**MATERIAL FOR THE TASK:**

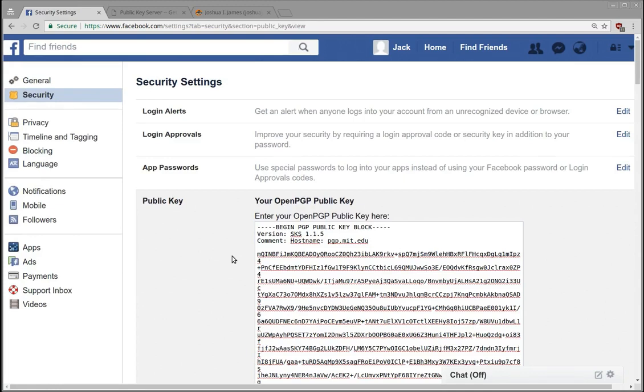Now a caveat here: Google or Facebook is using your public key to encrypt messages to you. That means Google has access to the unencrypted messages before they reach you, right?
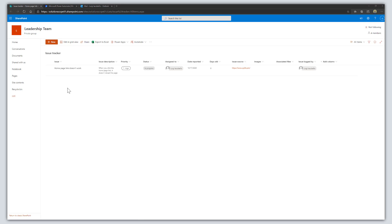Hey there, in this tutorial I'm going to show you how to add a workflow to a SharePoint Online list using Microsoft Power Automate. What this workflow is going to do is fire an email notification whenever a new list item is created or an existing list item is updated. It's going to look for the person that an item is assigned to and fire an email notification to that person.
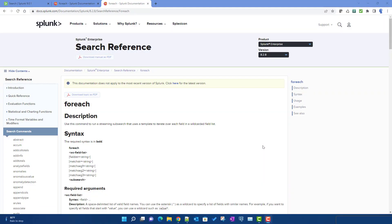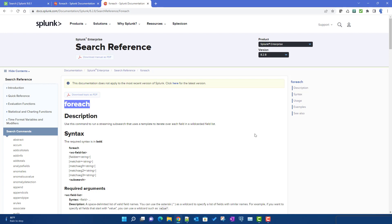In this video we will talk about the new feature introduced in the foreach command in Splunk 9. If you have been following my videos, we already discussed the foreach command in a previous video — I'll give that link here so you can refer to it. In the most recent Splunk 9 versions they enhanced this command, making it more useful.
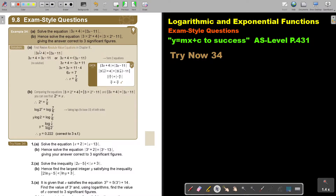Very important: first revise absolute value equations in Chapter 8, because I'm going to use those principles. If you cannot remember that, go to the videos or the textbook and first revise it. So what do we do with the absolute value equation? We make two cases: we take the positive option as well as the negative option.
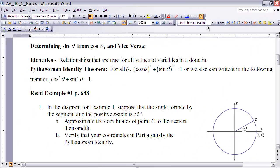One of the terms that we'll be using quite a bit with trigonometry is the term identities. There are quite a few trig identities and we'll explore a few here in this course, but quite a few more you'll explore in later courses as you get closer to calculus. When we talk about an identity, it's just relationships that are true for all values of the variables in a domain. So if we're talking about sine and cosine of theta with a domain of all real numbers, it's got to be true for all real numbers.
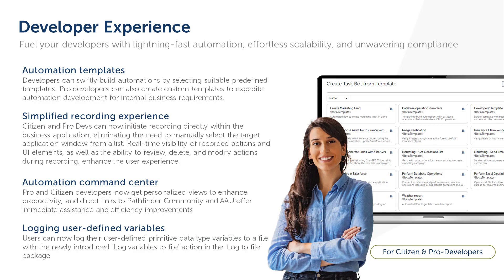Automation 360 V.30 introduces several new features that improve the developer experience. With newly introduced automation templates, developers can quickly and easily build automation by choosing from the list of predefined templates that suits their business use case. Professional developers can create custom templates as per specific internal business needs to quicken the automation building process.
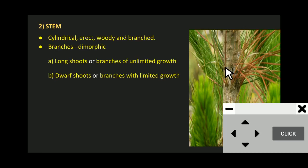Dwarf shoots develop both scaly leaves and foliage leaves. An important characteristic of dwarf shoots is the brachyblast — where leaves are crowded at a particular region, we call that a brachyblast. Another important character of the dwarf shoot is that it sheds once every two to three years.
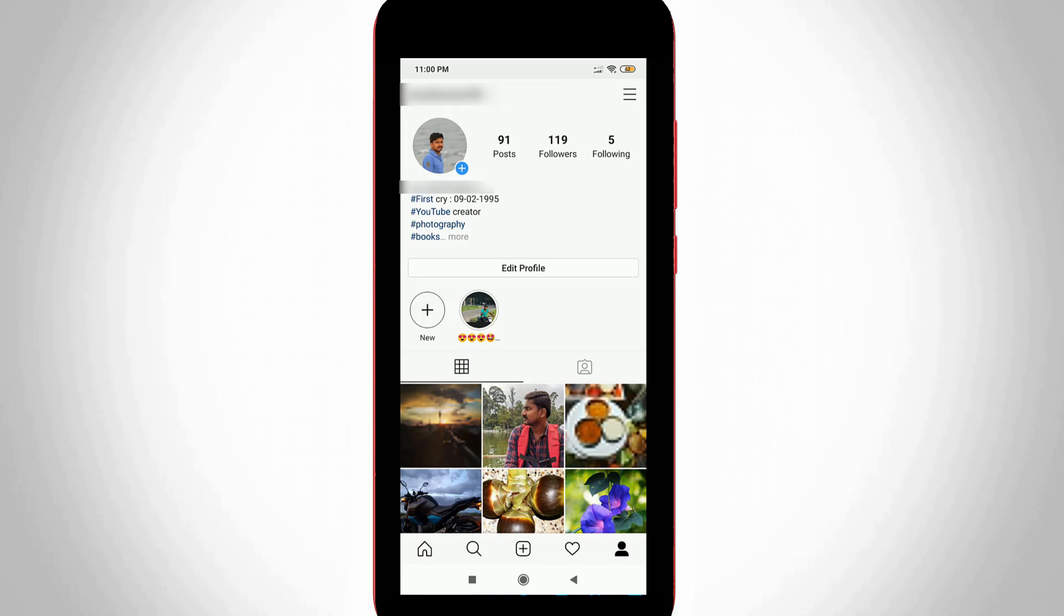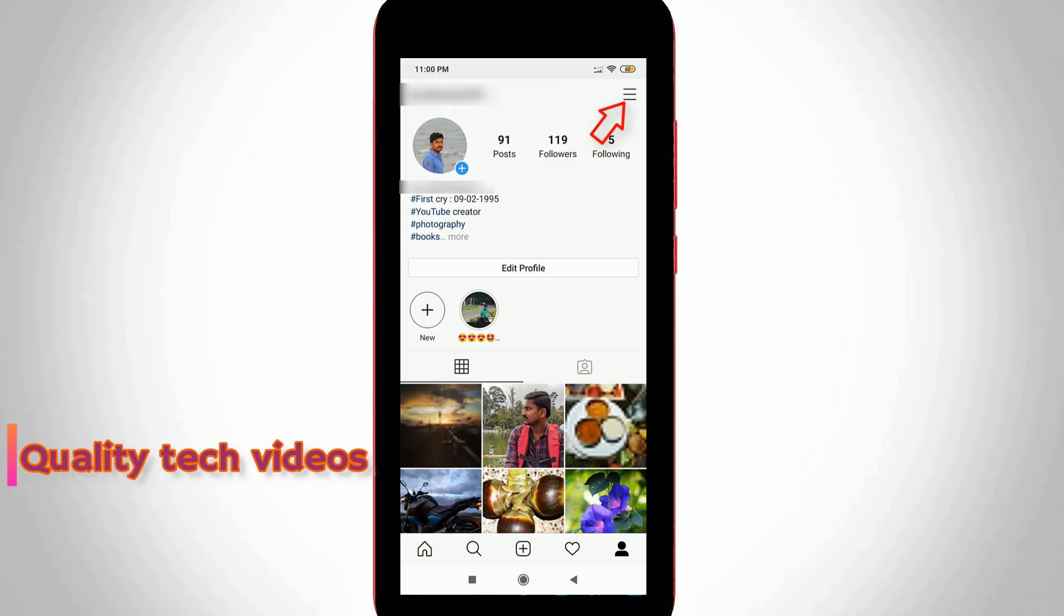Here it shows my entire Instagram profile information. In this section, you can press the horizontal three lines icon which is placed at the top right corner.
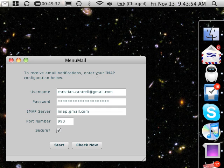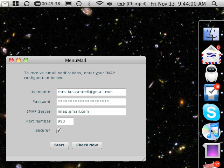Hi, this is Christian Cantrell and today I want to show you a sample application I wrote called Minimail which demonstrates the use of encrypted socket support in Air 2.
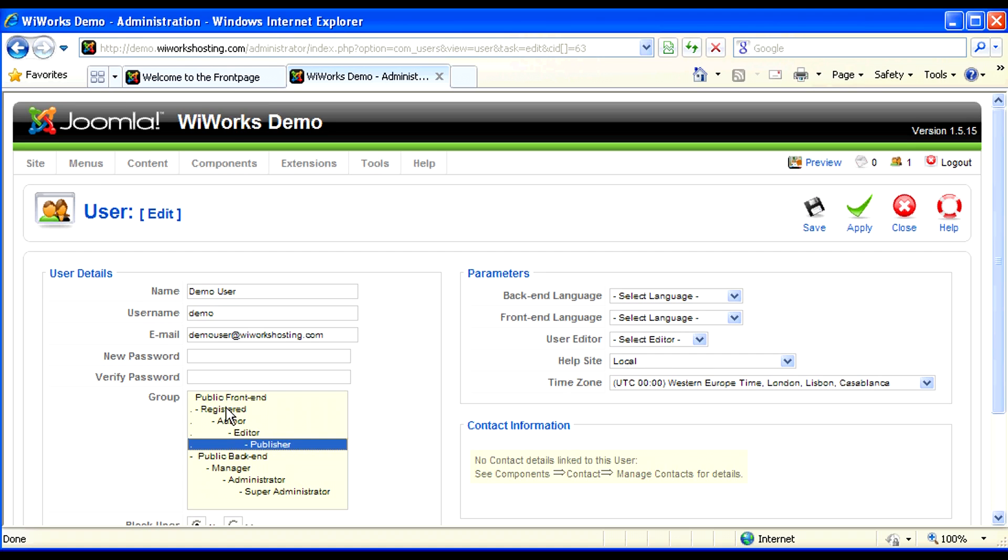A publisher has all the rights of a registered user, author, and editor, and they also have the rights to publish any content regardless of the user that created that content.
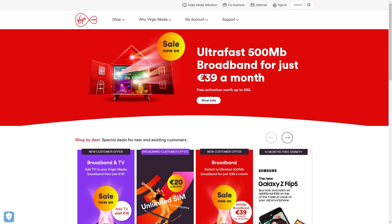The first thing you want to do is head over to the Virgin Media website. Once you're on the page, go to the top right corner and click the button that says Sign In.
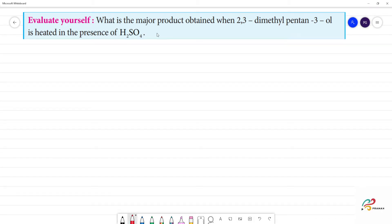What is the major product when 2,3-dimethylpentan-3-ol is dehydrated? First, pent — how many carbons? 5 carbons.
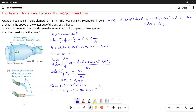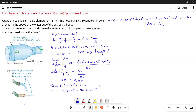We know volume equals area times length. The fluid particles travel a length delta x1 at the wider part and delta x2 in the narrower part during the time interval delta t. Therefore, volume delta V1 equals A1 times delta x1, and volume delta V2 equals A2 times delta x2. Since the fluid is incompressible and there are no leaks, delta V1 equals delta V2.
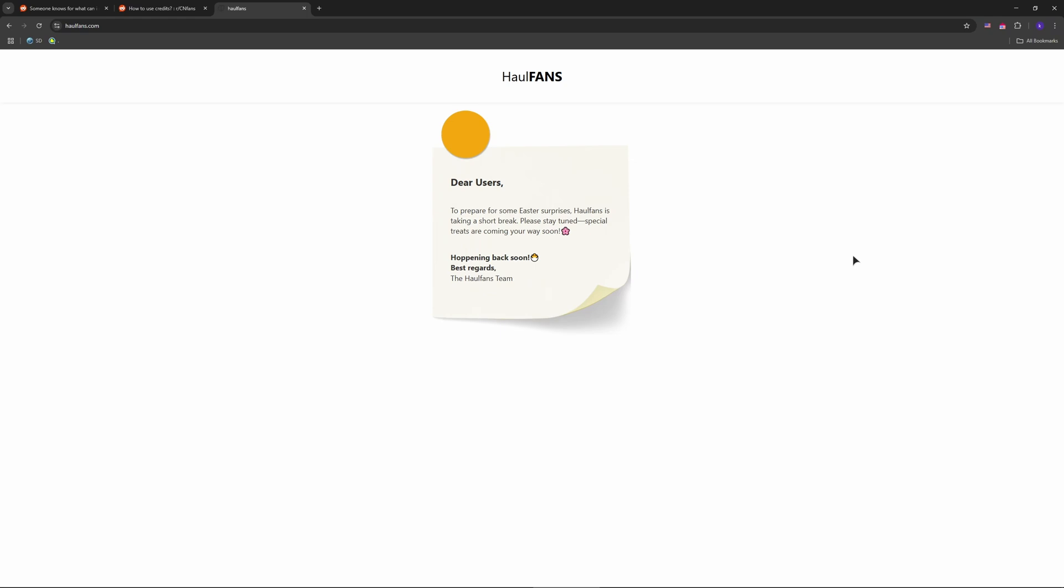Step four, stay in the loop. CNFans announces on Discord or X when wholefans restocks. Join their community to catch drops.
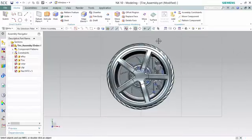Hello, so today we will be continuing on from a previously set up tire assembly to create a draft of multiple exploded views and a BOM bill of materials, also known as product structure.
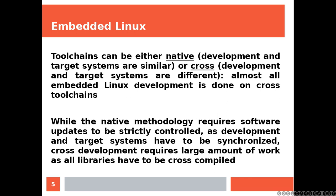Toolchains can be either native, when development and target systems are similar, or cross, when development and target systems are different. Almost all embedded Linux development is done on cross toolchains. While the native methodology requires software updates to be strictly controlled, as development and target systems have to be synchronized, cross development requires large amount of work as all libraries have to be cross compiled.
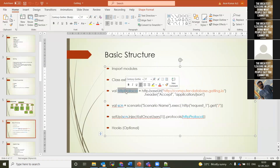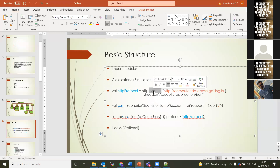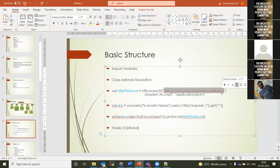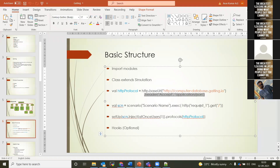Every script should have an HTTP protocol definition with a base URL set to the domain name of the application. Headers can be added here — if headers are common across all requests, add them in the HTTP protocol definition; if headers are specific to individual requests, add them at the request level.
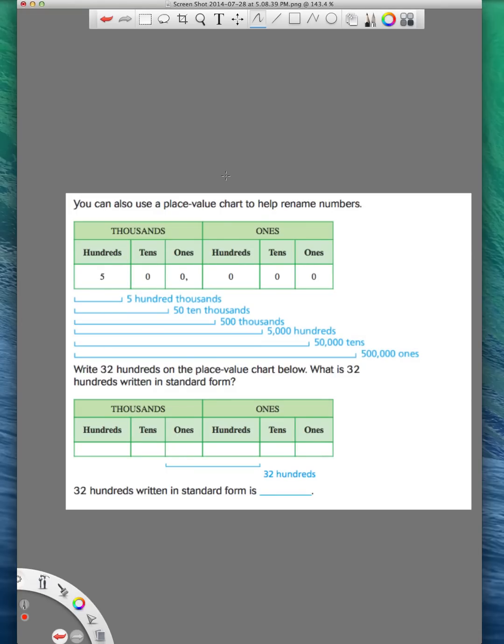Hi everybody, this is Ms. Nelson again, and today we are doing Lesson 1.5 in our 4th grade Florida Go Math book. Lesson 1.5 is about renaming numbers, and we're going to start off here with this chart that they've given us. So renaming numbers is just saying numbers in other ways.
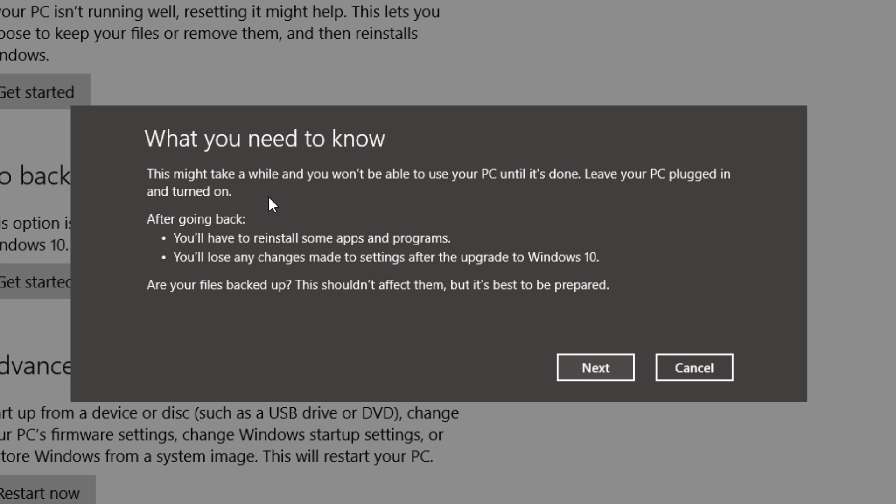Also, you can see right here what you need to know. This might take a while until your PC is done. Leave your PC plugged in, especially if you have a tower or a laptop. After going back, keep in mind you will have to reinstall some apps and programs. Also, you will lose any changes that you made after upgrading to Windows 10 in regards to settings and whatnot.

**THE PROBLEM:**
When you return the records, keep every word unchanged and drop the pictures.

**REPLY TO THE EXERCISE:**
Now a caveat here: Google or Facebook is using your public key to encrypt messages to you. That means Google has access to the unencrypted messages before they reach you, right?
Hey there, in this tutorial I'm going to show you how to add a workflow to a SharePoint Online list using Microsoft Power Automate. What this workflow is going to do is fire an email notification whenever a new list item is created or an existing list item is updated. It's going to look for the person that an item is assigned to and fire an email notification to that person.
In this video we will talk about the new feature introduced in the foreach command in Splunk 9. If you have been following my videos, we already discussed the foreach command in a previous video — I'll give that link here so you can refer to it. In the most recent Splunk 9 versions they enhanced this command, making it more useful.
Very important: first revise absolute value equations in Chapter 8, because I'm going to use those principles. If you cannot remember that, go to the videos or the textbook and first revise it. So what do we do with the absolute value equation? We make two cases: we take the positive option as well as the negative option.
One of the terms that we'll be using quite a bit with trigonometry is the term identities. There are quite a few trig identities and we'll explore a few here in this course, but quite a few more you'll explore in later courses as you get closer to calculus. When we talk about an identity, it's just relationships that are true for all values of the variables in a domain. So if we're talking about sine and cosine of theta with a domain of all real numbers, it's got to be true for all real numbers.
Automation 360 V.30 introduces several new features that improve the developer experience. With newly introduced automation templates, developers can quickly and easily build automation by choosing from the list of predefined templates that suits their business use case. Professional developers can create custom templates as per specific internal business needs to quicken the automation building process.
Dwarf shoots develop both scaly leaves and foliage leaves. An important characteristic of dwarf shoots is the brachyblast — where leaves are crowded at a particular region, we call that a brachyblast. Another important character of the dwarf shoot is that it sheds once every two to three years.
Here it shows my entire Instagram profile information. In this section, you can press the horizontal three lines icon which is placed at the top right corner.
Hi, this is Christian Cantrell and today I want to show you a sample application I wrote called Minimail which demonstrates the use of encrypted socket support in Air 2.
A publisher has all the rights of a registered user, author, and editor, and they also have the rights to publish any content regardless of the user that created that content.
The first thing you want to do is head over to the Virgin Media website. Once you're on the page, go to the top right corner and click the button that says Sign In.
What is the major product when 2,3-dimethylpentan-3-ol is dehydrated? First, pent — how many carbons? 5 carbons.
We know volume equals area times length. The fluid particles travel a length delta x1 at the wider part and delta x2 in the narrower part during the time interval delta t. Therefore, volume delta V1 equals A1 times delta x1, and volume delta V2 equals A2 times delta x2. Since the fluid is incompressible and there are no leaks, delta V1 equals delta V2.
Step four, stay in the loop. CNFans announces on Discord or X when wholefans restocks. Join their community to catch drops.
Hello, so today we will be continuing on from a previously set up tire assembly to create a draft of multiple exploded views and a BOM bill of materials, also known as product structure.
Toolchains can be either native, when development and target systems are similar, or cross, when development and target systems are different. Almost all embedded Linux development is done on cross toolchains. While the native methodology requires software updates to be strictly controlled, as development and target systems have to be synchronized, cross development requires large amount of work as all libraries have to be cross compiled.
Every script should have an HTTP protocol definition with a base URL set to the domain name of the application. Headers can be added here — if headers are common across all requests, add them in the HTTP protocol definition; if headers are specific to individual requests, add them at the request level.
Hi everybody, this is Ms. Nelson again, and today we are doing Lesson 1.5 in our 4th grade Florida Go Math book. Lesson 1.5 is about renaming numbers, and we're going to start off here with this chart that they've given us. So renaming numbers is just saying numbers in other ways.
Also, you can see right here what you need to know. This might take a while until your PC is done. Leave your PC plugged in, especially if you have a tower or a laptop. After going back, keep in mind you will have to reinstall some apps and programs. Also, you will lose any changes that you made after upgrading to Windows 10 in regards to settings and whatnot.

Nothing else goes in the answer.